Diggbar Feedback (and how not to collect feedback)

Posted by – April 6, 2009

Digg recently introduced a feature that frames the content posted to Digg, reminding me of the internet in the 90′s, where framing other people’s content to put ads on top of (remember about.com’s ubiquitous frames?) was commonplace and when one of the first bits of JavaScript I used was a “frame buster” that would prevent those obnoxious banners above my web pages.

But I’m not writing this to rip on Digg. Their “Diggbar” is a good example of why the old “banner in a frame” tactic began to die off and why things like the Diggbar can succeed.

As in any such case where you are breaking the fundamental way people expect the internet to work (in this case by framing the destination url) the tradeoff between usefulness and annoyance is what will make or break this feature and Digg has some useful (for some) features included like:

  • URL shortening. Twitter’s character limit has sparked a renaissance in short url services, and Digg made it easy to create them by appening any url to digg.com/ (e.g. digg.com/http://agilewebmasters.com/robert/diggbar-feedback/).
  • Access to comments and related submissions. In my experience with Digg the top ranked comments often provide useful mirrors, context or even refutation. Some will find their inclusion in the Diggbar useful in this format. As to related submissions once they manage to make this useful (they are surprisingly bad at term extraction, but I’ll write about this some other day) this too can serve as an additional exploration point for their users.
  • Digg/Bury. Providing access to their users to digg and bury articles while reading the actual article in a frame is a good thing. Their users don’t need to vote on an article grid or go to the comments page and can go to a single destination for both content and the core digg functions.
  • Random. This opens up an entirely new use pattern for digg bringing the serendipity of StumbleUpon and allowing for even more casual content discovery. This is by far the most game-changing part of the Diggbar, and in my opinion this should be reflected in the interface UI by giving it more prominence on the toolbar. Personally, I’d put it where they have their logo right now and incorporate the logo into the random button (call it “digg shuffle” and you are just a lower-case “i” away from the hearts and minds of a sizable cult following among their user base).

But I most likely won’t be using this feature (call me old fashioned but I like the traditionalist notion that links to another site are best served by an actual link to the other site, not a link to your own site with a frame, and yes I am inordinately parenthetical) and digg had the good sense to include an easy way to opt out of this permanently instead of only providing the traditional “remove this frame” option of the 90′s. Without this option I’d likely not use digg anymore. Hell, the fact that reddit provides a direct link to the submission url in their rss feeds is one of the biggest reasons I’ve seen my time on reddit increase and my time on digg decrease over time. For many reasons I like less, not more, between me and the content I’m trying to see.

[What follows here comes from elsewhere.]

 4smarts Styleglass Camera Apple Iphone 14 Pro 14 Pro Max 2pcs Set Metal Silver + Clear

But now that I got that convoluted rambling out of the way, I’ll get to what prompted me to write up a post in the first place, and that is something digg got fundamentally wrong.

  1. Despite my reservations,  I wanted to try the casual content discovery that is random browsing. I clicked on the Diggbar’s “random” button a few times before a solicitation for feedback pushed the buttons over and caused my next click to launch a popup to twitter.

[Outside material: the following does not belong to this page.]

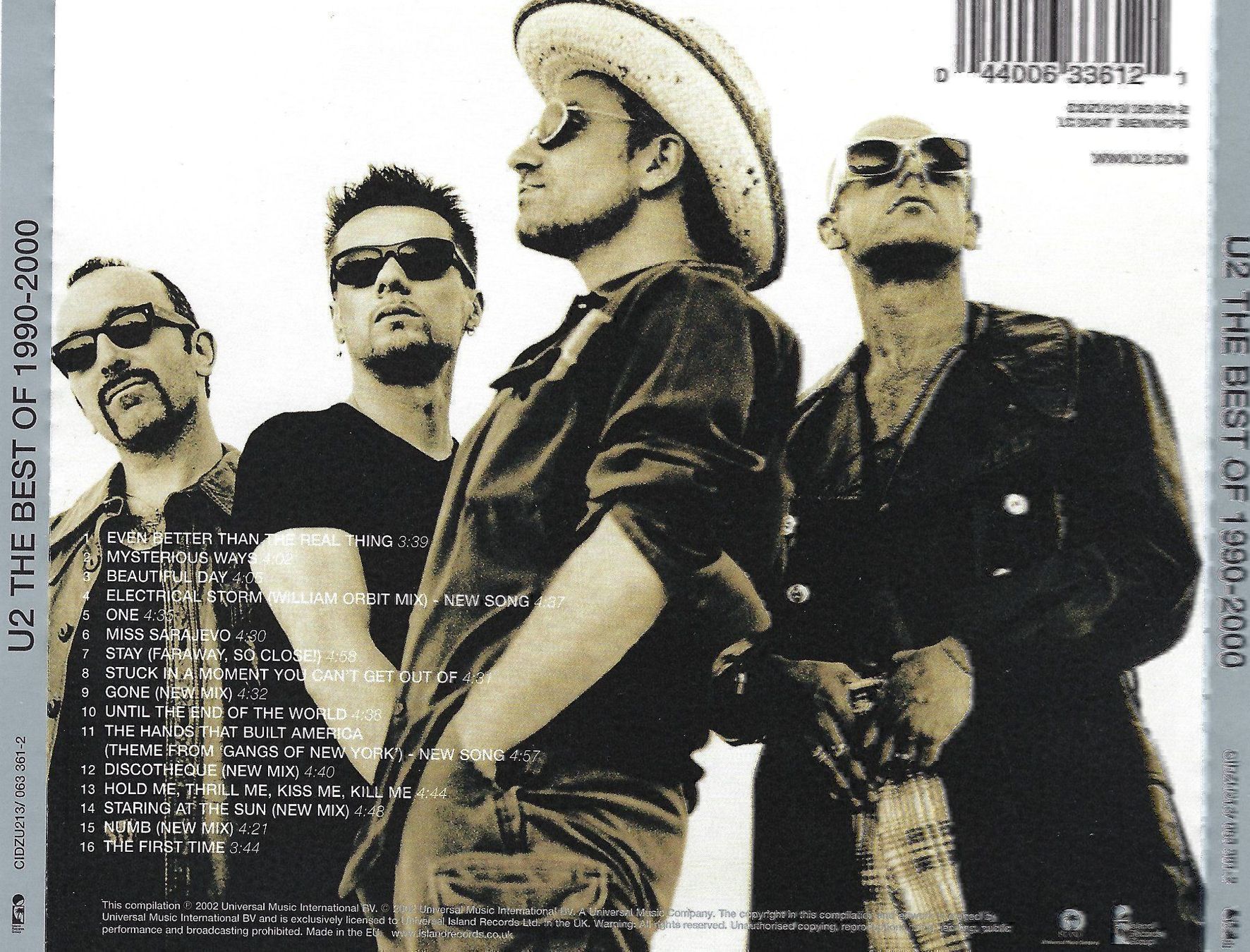 CDs: CD: U2 - The Best of 1990-2000 – Gebraucht aus Rotkreuz von groeli69 1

    That brought my foray down digg’s random path to an abrupt end, and if they are introducing a “toolbar” that they hope will drive more such use they should take greater care to make UI elements predictably positioned, especially if it’s a button whose typical use pattern involved frequent clicks (I note with great humility that my brilliant “digg shuffle” idea would have precluded this).

  2. They are soliciting feedback through SurveyMonkey.com, and I’d already provided feedback. So far so good but now I discover that this link leads me to a page saying “Thanks for Taking the Survey.  Looking to Create Your Own?” and does not allow me to provide any additional feedback.This is daft for several reasons. An obvious reason to start with is for continuing to solicit feedback when I can no longer provide it but that doesn’t even begin to address the more fundamental mistake of using such a third party provider that can’t handle the simple use case of a user having feedback and then, as in my example of seeing additional behavior after the first feedback was provided, having more. It’s not much more difficult to roll their own simple and scalable solution for feedback through Google App Engine or Amazon Simple DB than it is to use a third party with such limits on their users’ experience and that is the solution I’d elect in their shoes, but even if they wanted to eat someone else’s dog food they could have at least provided a more useful forum such as Google Moderator or Get Satisfaction that would have allowed for more than one instance of feedback (though given the open communication they might be more transparent than digg prefers for their initial feedback).As it stands, I had feedback that they’ll have to happen upon on this blog post to read (8-ball says “Outlook not so good” and tossed in “nobody reads this blog anyway”), and that their medium could not collect. There are more elegant solutions to prevent sock puppetry than such a limitation and if I were running a site digg’s size I’d want to get the basics right. And to be fair, if they were in my shoes, they’d probably be headed to bed right now instead of waxing loquacious on such usability inanities at this hour.

1 Comment on Diggbar Feedback (and how not to collect feedback)

  1. P.S. Just clear the domain cookies for survey monkey if you want to re-take the survey.